* Required work *
Give back exactly the lines from the one that holds "New Unisexs 100" through the final line of the data; omit the pictures and add nothing.
━━━ Data extract ━━━
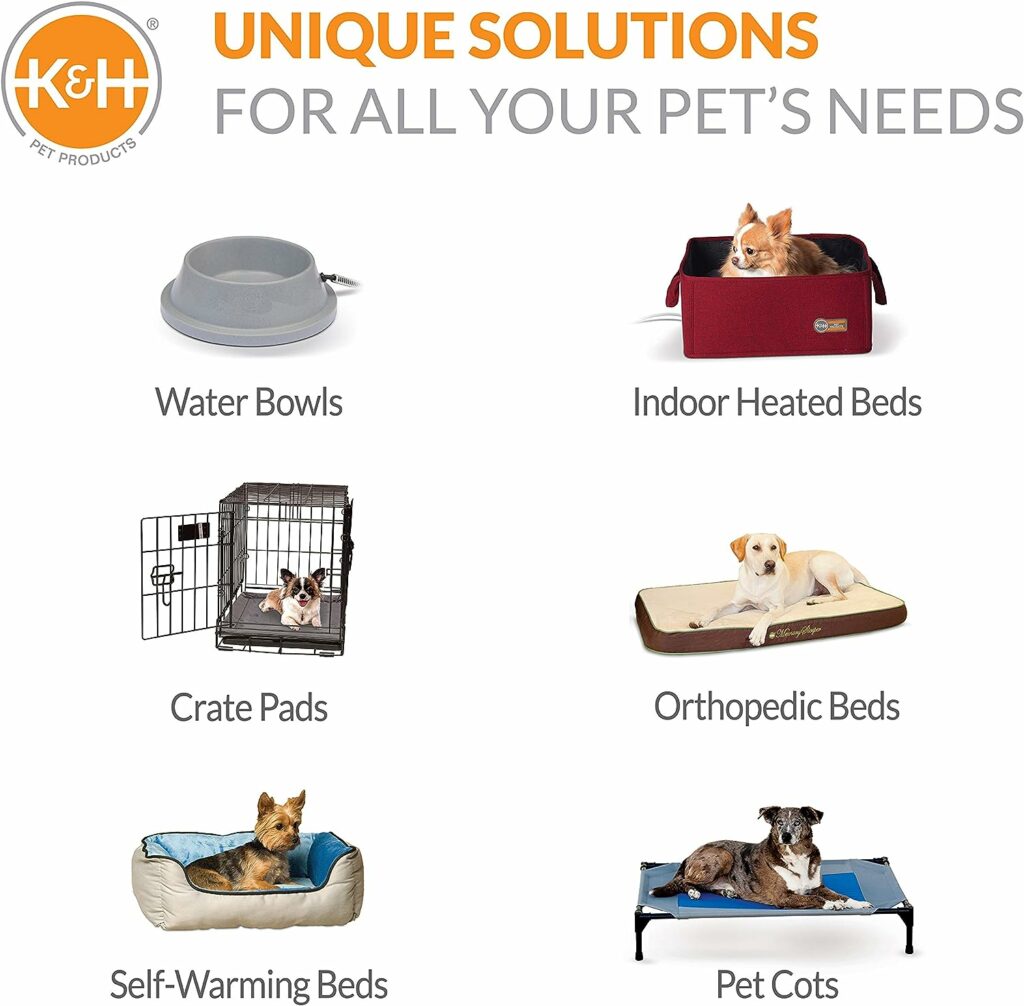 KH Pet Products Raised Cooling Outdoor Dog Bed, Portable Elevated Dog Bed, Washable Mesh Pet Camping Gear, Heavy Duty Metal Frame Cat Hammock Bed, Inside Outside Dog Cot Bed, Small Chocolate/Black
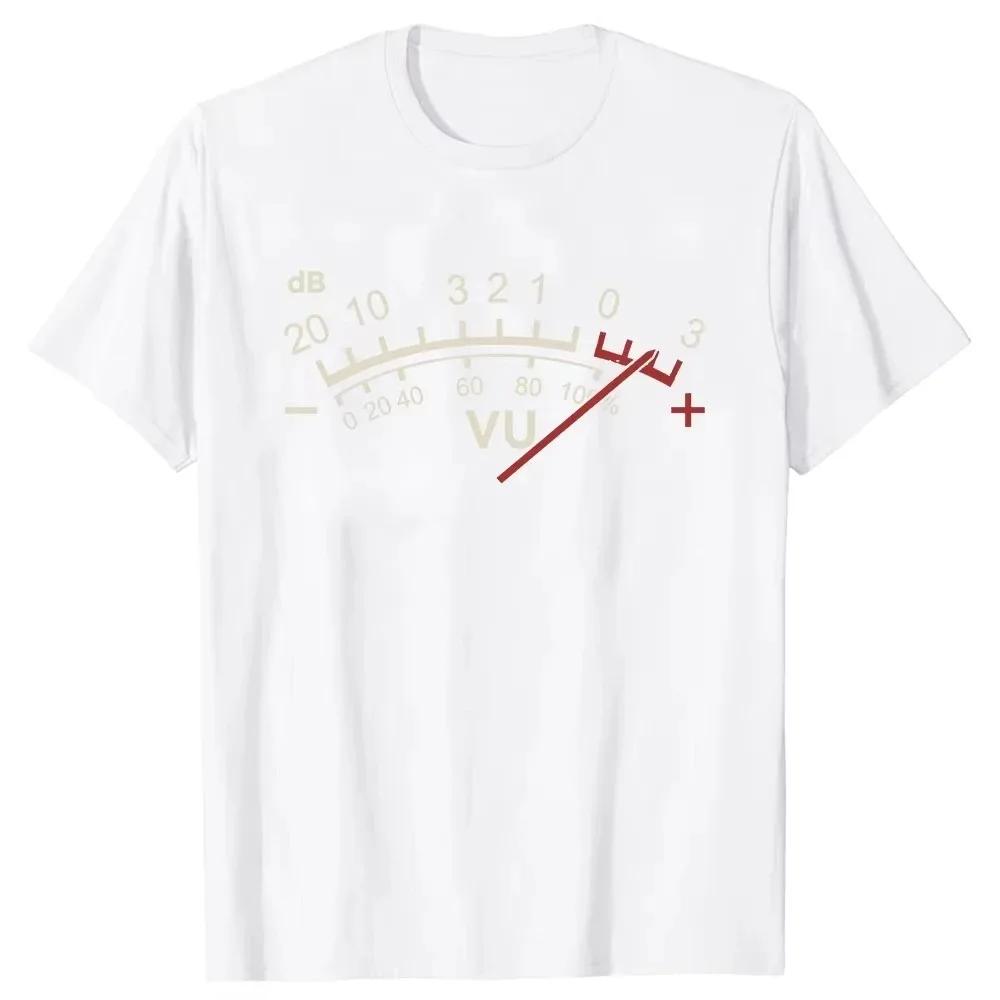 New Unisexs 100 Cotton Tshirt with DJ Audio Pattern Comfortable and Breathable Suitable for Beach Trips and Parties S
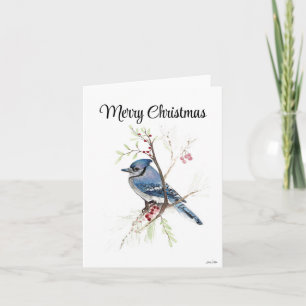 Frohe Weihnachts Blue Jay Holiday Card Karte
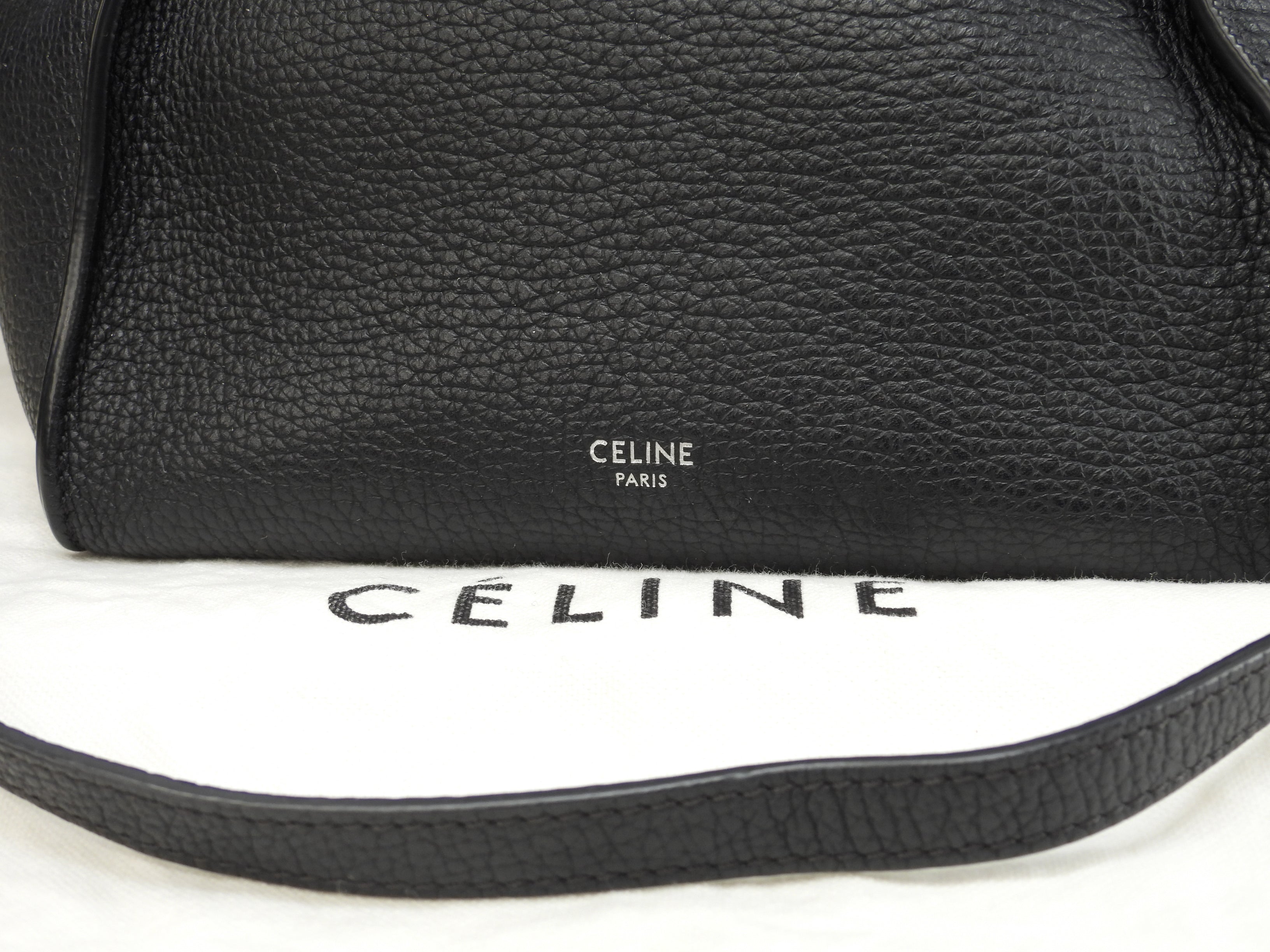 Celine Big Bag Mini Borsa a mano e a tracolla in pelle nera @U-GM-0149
━━━
* Output of the exercise *
 New Unisexs 100 Cotton Tshirt with DJ Audio Pattern Comfortable and Breathable Suitable for Beach Trips and Parties S
 Frohe Weihnachts Blue Jay Holiday Card Karte
 Celine Big Bag Mini Borsa a mano e a tracolla in pelle nera @U-GM-0149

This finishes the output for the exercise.